Contains the raw data used with the manuscript

  • eggdata_cleaned.csv is a cleaned version of the data that is used to create the subset versions of the data used for model training and validation
  • eggdata1415.csv is a cleaned version of the data with only observations from 2014-2015 and used to train the original models
  • eggdata141516.csv is a cleaned version of the data with only observations from 2014-2016 and used to train the augmented model
  • eggdata16.csv is a cleaned version of the data with only observations from 2016 and used for validation of the original models (eggdata1415.csv, eggdata141516.csv, and eggdata16.csv)
  • eggdata141516_raw.csv is the original (raw) data file that contains the fish egg data
  • site-groups.csv is a dataset with a list of the river and site locations in the study

figures

Contains the figures generated by the file code/figures.Rmd and included in the manuscript (figure03 to figure09)

results

Contains the saved versions of output from the code such as the cleaned data and random forest models

  • ice1415.csv contains the individual conditional expectation curves produce for the original model with reduced variables for predicting species with invasive carp as one group
  • ice141516.csv contains the individual conditional expectation curves produce for the augmented model with reduced variables for predicting species with invasive carp as one group
  • perf_metrics1415.csv contains the performance metric results from the original models
  • perf_metrics141516.csv contains the performance metric results from the augmented models
  • pred2016.csv contains the predictions from the original models on the validation (2016) data
  • rfs1415.rds contains the saved versions of the original random forest models
  • rfs141516.rds contains the saved versions of the augmented random forest models
  • val_metrics.csv contains the performance metrics computed on the predictions of the original models on the validation (2016) data
  • val_metrics.csv contains the performance metrics computed on the predictions of the original models on the validation (2016) data when the observations were first separated into locations only sampled in 2016 and locations sampled previously to 2016

Folder Structure

In order for the R code to work properly, the files (such as data and R code) must be stored using the following file structure.

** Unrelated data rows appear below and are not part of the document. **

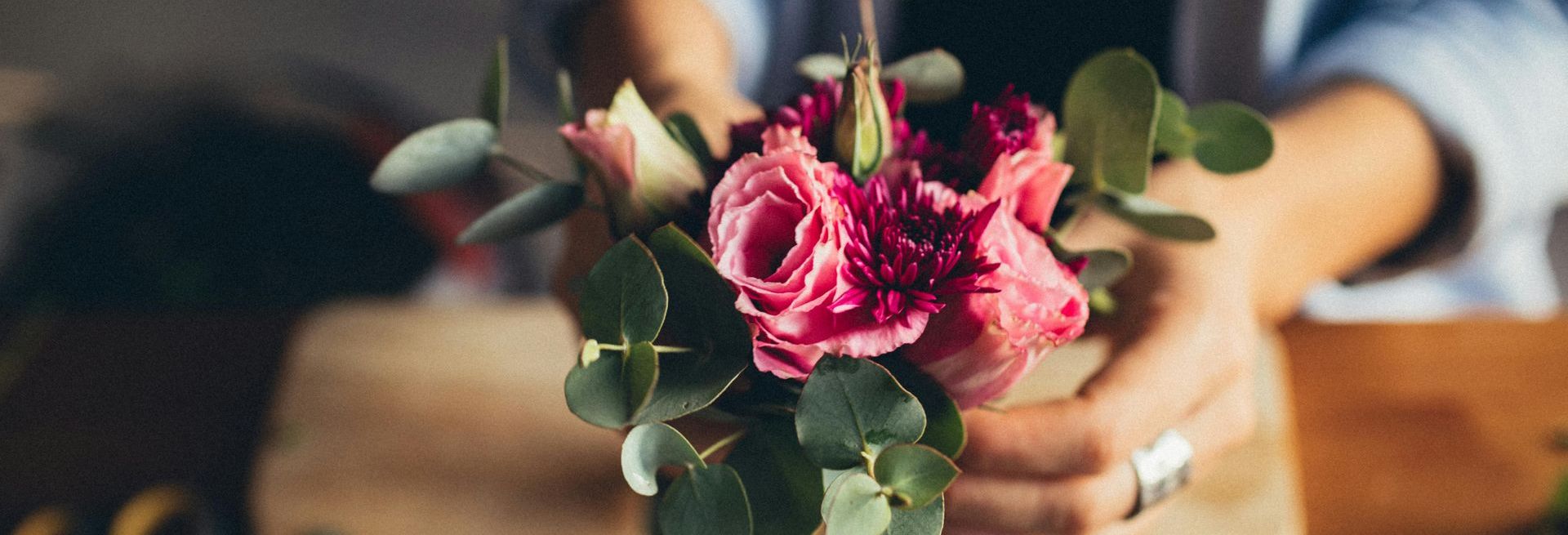 A person is holding a bouquet of pink flowers in their hands.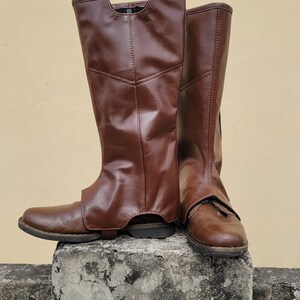 Puede incluir: Un par de botas de cuero marr&oacute;n con ca&ntilde;a alta. Las botas est&aacute;n sobre un bloque de hormig&oacute;n.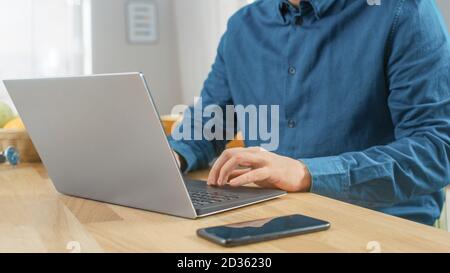 Nahaufnahme eines Mannes, der zu Hause am Tisch sitzt und an seinem modernen Silver Laptop arbeitet. Smartphone liegt auf einem Holztisch neben ihm. Stockfoto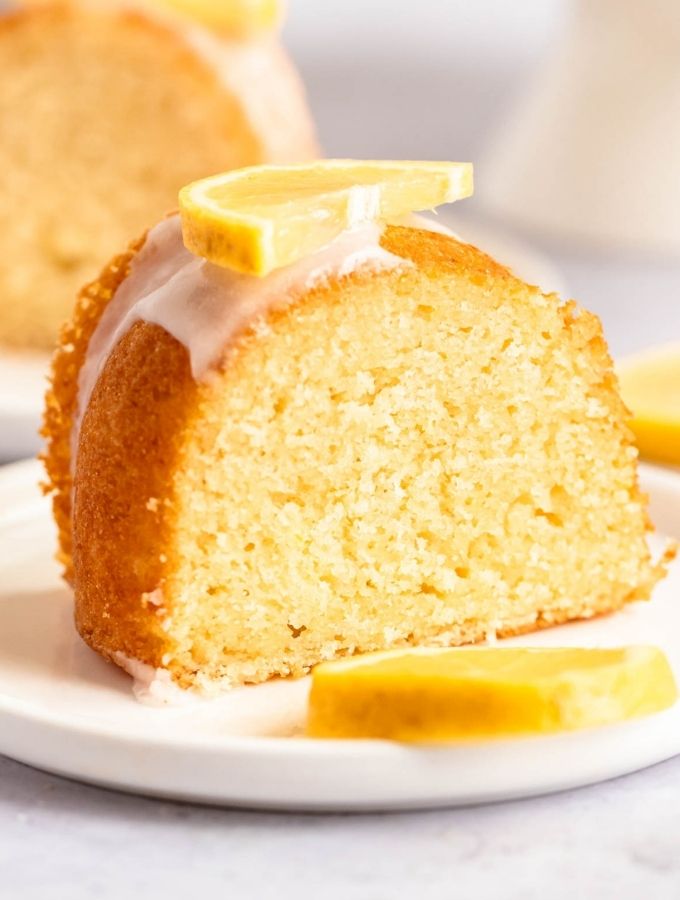 Slice of lemonade bundt cake on a white plate.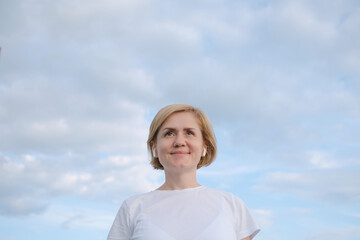 A young Caucasian girl in a white T-shirt and headphones stands against the background of a blue sky with clouds. The concept of listening to music, podcasts. Minimalism, copy space.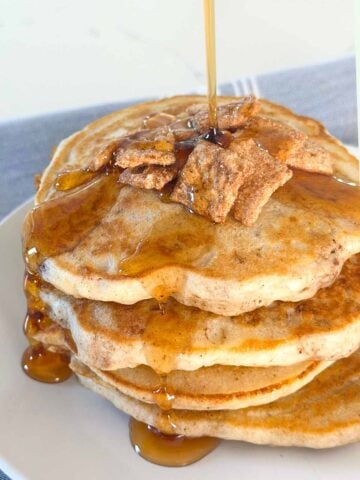Stack of cinnamon toast crunch pancakes on a plate topped with more of the cereal with syrup on top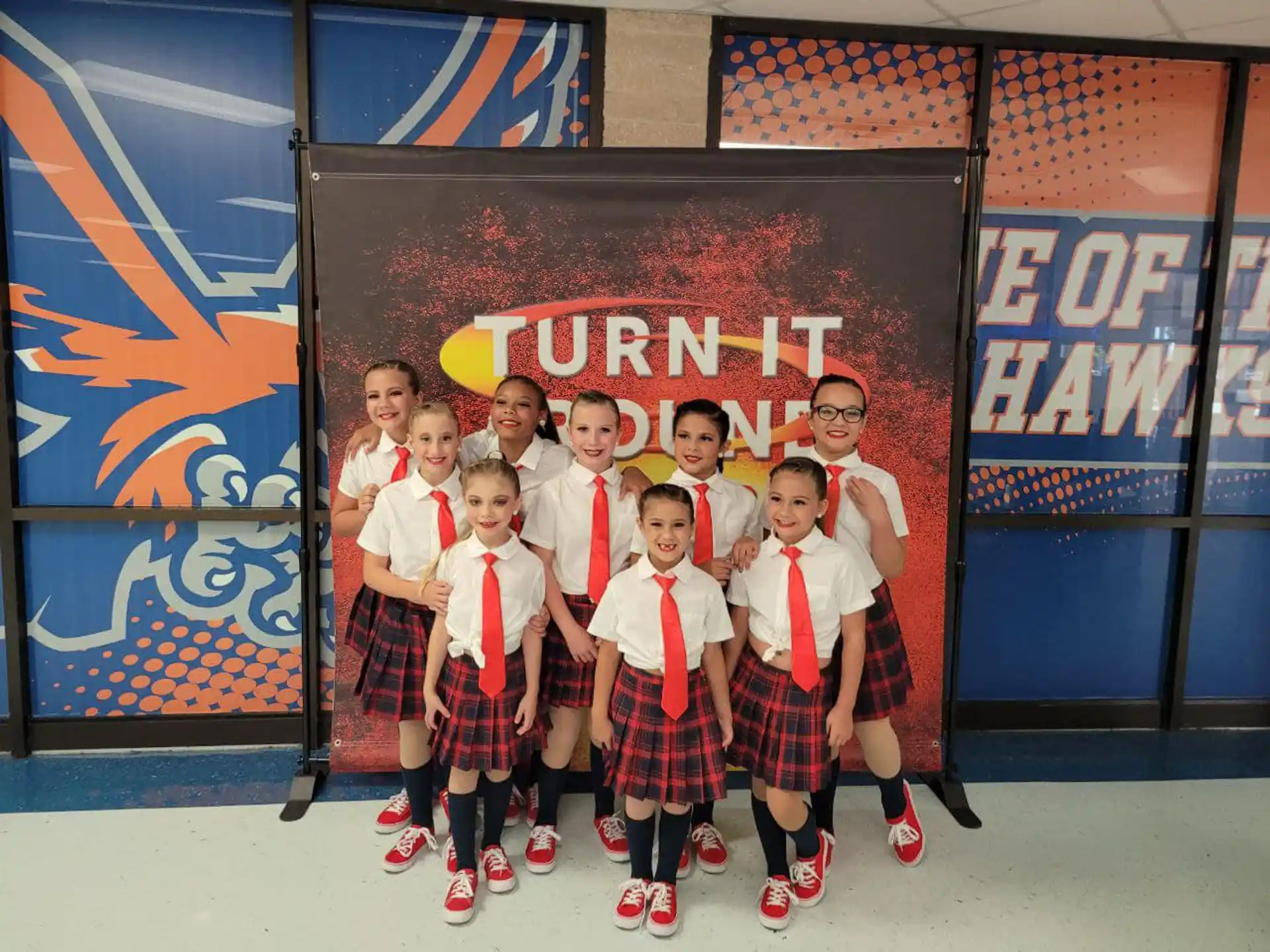 a group of children posing for a photo
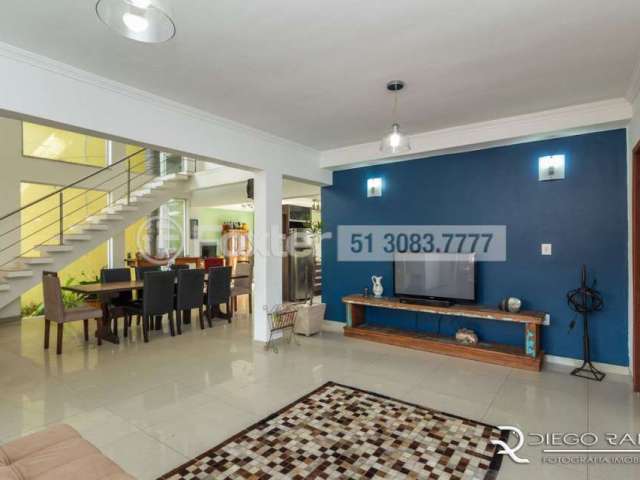 Casa em condomínio fechado com 4 quartos à venda na Rua Cangerana, 210, São Lucas, Viamão, 332 m2 por R$ 1.100.000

Main folder contains (required):

  • sub-folder called code with the files:

    • analysis.Rmd
    • figures.Rmd
    • rf-example-predictions.Rmd
  • sub-folder called data with the files:

    • eggdata141516_raw.csv
    • site-groups.csv

Main folder contains (optional):

  • sub-folder called results with the files:

    • eggdata1415.csv
    • eggdata141516.csv
    • eggdata16.csv
    • eggdata_cleaned.csv
    • ice1415.csv
    • ice141516.csv
    • perf_metrics1415.csv
    • perf_metrics141516.csv
    • pred2016.csv
    • rfs1415.rds
    • rfs141516.rds
    • val_metrics.csv
    • val_metrics_separate.csv
  • sub-folder called figures with the files:

    • confusion-matrices.png
    • cor_heatmap.png
    • pd_plot.png
    • perf_metric_plot.png
    • val_metric_compare_plot.png
    • val_metric_plot.png
    • vi_plot.png

Running the Code

In order to run the R code, the working directory should be set to the main folder containing the sub-folders of data and code (as described above). Then run the code in the following order.

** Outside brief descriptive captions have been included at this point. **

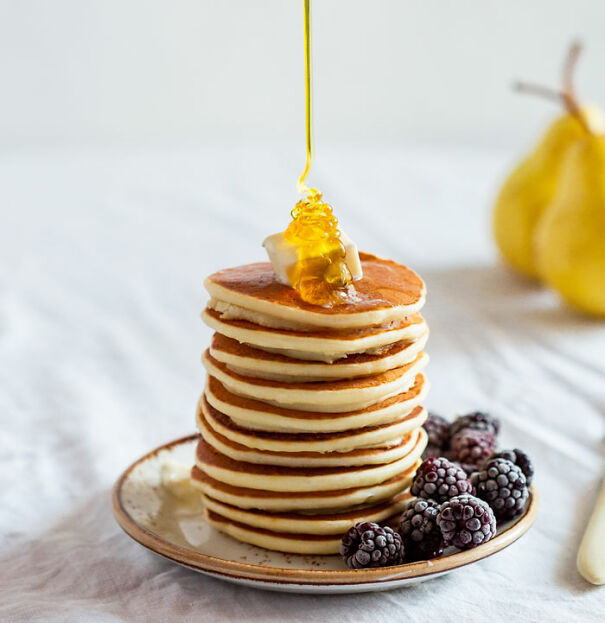 Stack of pancakes with syrup, butter, and blackberries, on a plate with pears in the background, related to dark jokes.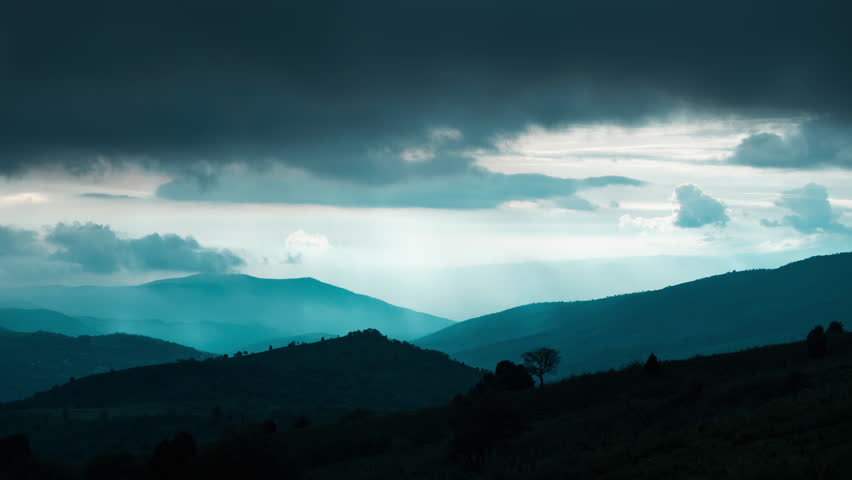 Timelapse mountains. Cloud falls on top of mountain and floods everything around with fog, like a tsunami wave. Nature is amazing. Nature miracle. Cinematic cloud timelapse nature background.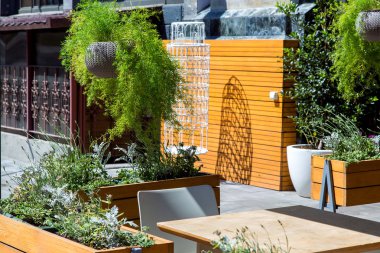 Bitki saksıları Çiçeklik asılı ve kaldırımda yüklü yaz kafe sitesinde içinde.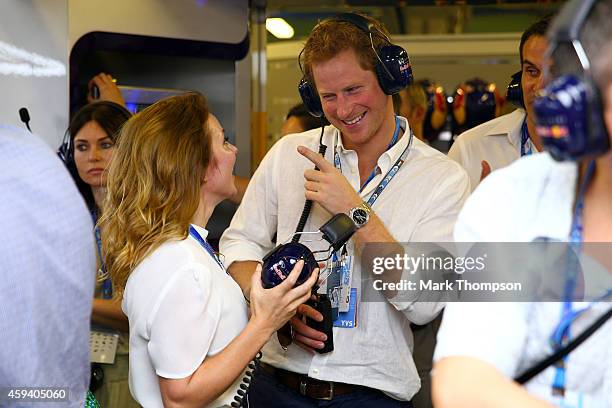 Prince Harry speaks with Geri Halliwell in the Infiniti Red Bull Racing garage during qualifying for the Abu Dhabi Formula One Grand Prix at Yas...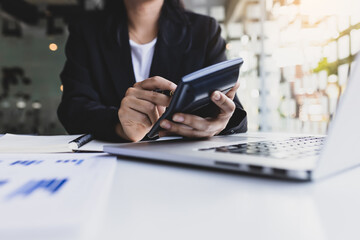 Close-up of a business woman using a calculator to calculate accounting and financial planning....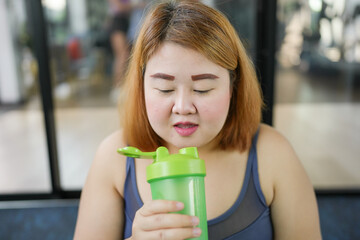 Obese asian woman dieting Weight loss in sportswear drink healthy drink. Sporty asian fat female...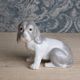 Small spaniel dog in porcelain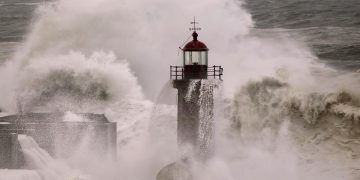 ondas gigantes a bater na costa portuguesa durante tempestade com céu escuro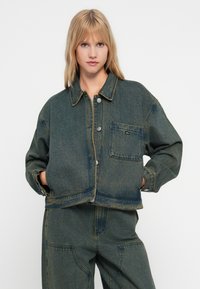 Denim jakna temnega pranja s skrajšanim dizajnom, sprednjim žepom in kontrastnim šivanjem. Zapenjanje na gumbi in ohlapen kroj.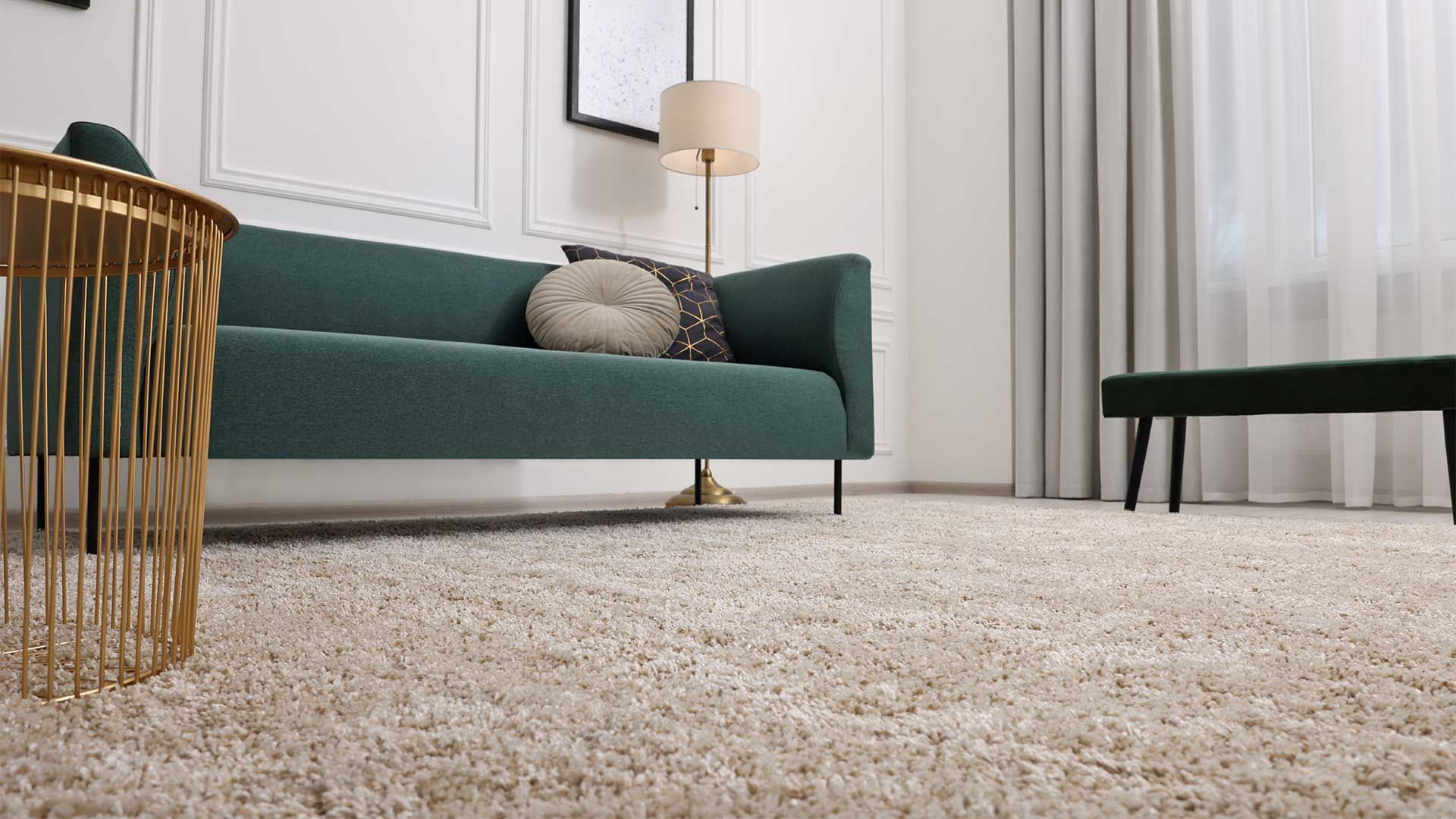 A living room with a green couch and a white rug.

  1. Run the code in the file analysis.Rmd. This will generate the results folder with the files listed above (if not already contained in the main folder).
  2. Run the code in the file figures.Rmd. The code in this document depends on the files in the results folder. It will also generate a folder called figures where the figures will be saved to as .png files.
  3. The file rf-example-predictions.Rmd contains a description and examples showing how to use the trained augmented models to make predictions for a new set of fish egg morphometric variables.